Je veux que vous sachiez que ma vie a été complètement interrompue, depuis le jour où je suis entré et celui où j’ai quitté la Légion. J’ai encore besoin de soutien, je continue de faire de cauchemars, je continue d’essayer de comprendre les effets des abus sexuels que j’ai subit, sur moi et dans mes relations. J’ai demandé de l’aide à d’autres anciens légionnaires, et j’ai rencontré tant et tant de personnes blessées. Le site www.exlegionaries.com m’a apporté une grande aide. Lorsque la Légion du Christ a réussi à fermer ce site, cela m’a encore blessé. C’est une grande honte que vous empêchiez à de nombreuses personnes d’avoir accès à ces moyens pour guérir. A la lumière des développements récents et de la reconnaissance du plagiat de Maciel, j’ose espérer que vous permettrez à ce site d’être restauré comme il était au début, et que vous rembourserez les frais de justice aux personnes concernées.

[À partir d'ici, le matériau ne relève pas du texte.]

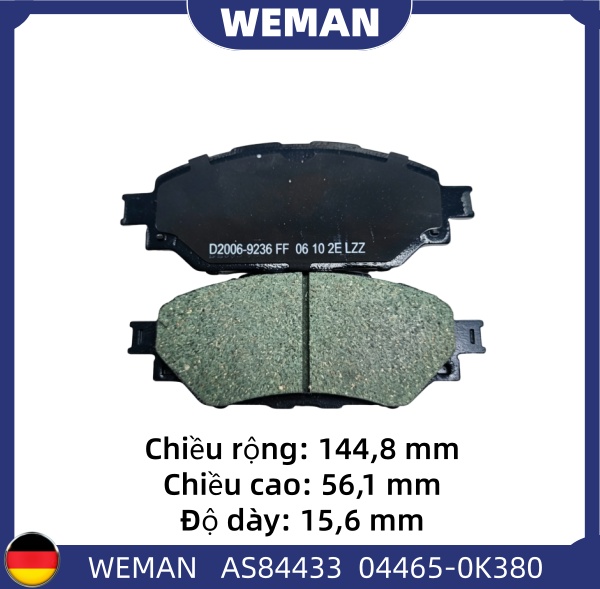 WEMAN Má phanh AS84433 Toy*ta innova OEM 04465-0K380 WEMAN Má phanh AS84433 Toy*ta innova
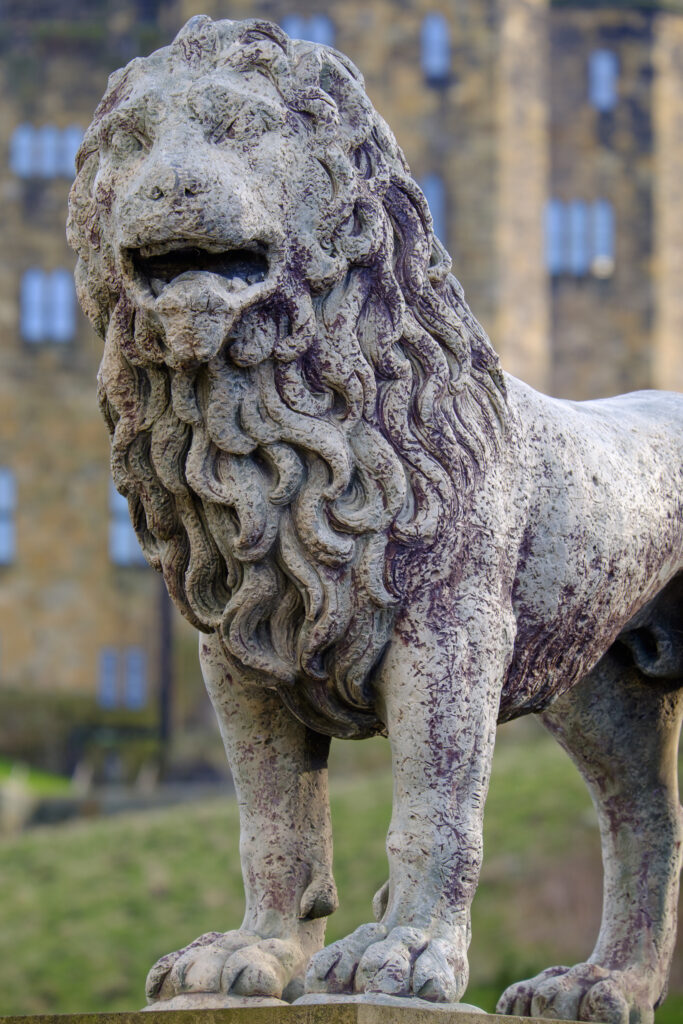 England, Northumberland, Alnwick. Lion Bridge near Alnwick castle which is one of the finest medieval castles to be found in England. Often referred as 'The Windsor of the North', it was also a Harry Potter Movie set.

Je suis en colère, car il est vraiment injuste que ma vie soit encore en suspens. Que dois-je faire pour guérir ? Que me faut-il pour me permettre de changer de vie, et de vivre de nouveau ? Quand la Légion et le père Eoghan seront-ils un chapitre fermé dans mon passé ?

Comme victime, je crois que les choses suivantes pourraient beaucoup m’aider :

  • Des excuses sincères et exhaustives. Des excuses qui reconnaissent et nomment les méfaits commis par la Légion sur moi. Cela doit inclure la reconnaissance que j’ai été abusé, et que mes déclarations à propos de cet abus n’ont pas été traitées correctement par la Légion.
  • Il me semble que vous devriez apporter une contribution financière substantielle aux organismes qui ont payé pour me soutenir pendant toutes ces années. J’ai eu la chance d’avoir obtenu un soutien de qualité, lequel m’a beaucoup aidé, gratuitement, depuis 2001. Je suis en colère quand je pense que des gens et des organismes charitables ont utilisé leurs ressources pour moi, alors que je crois que c’est vous qui devriez payer pour cela.
  • Je crois que vous devriez me donner une réparation financière pour tous les effets des abus et des réponses que la Légion m’a faites.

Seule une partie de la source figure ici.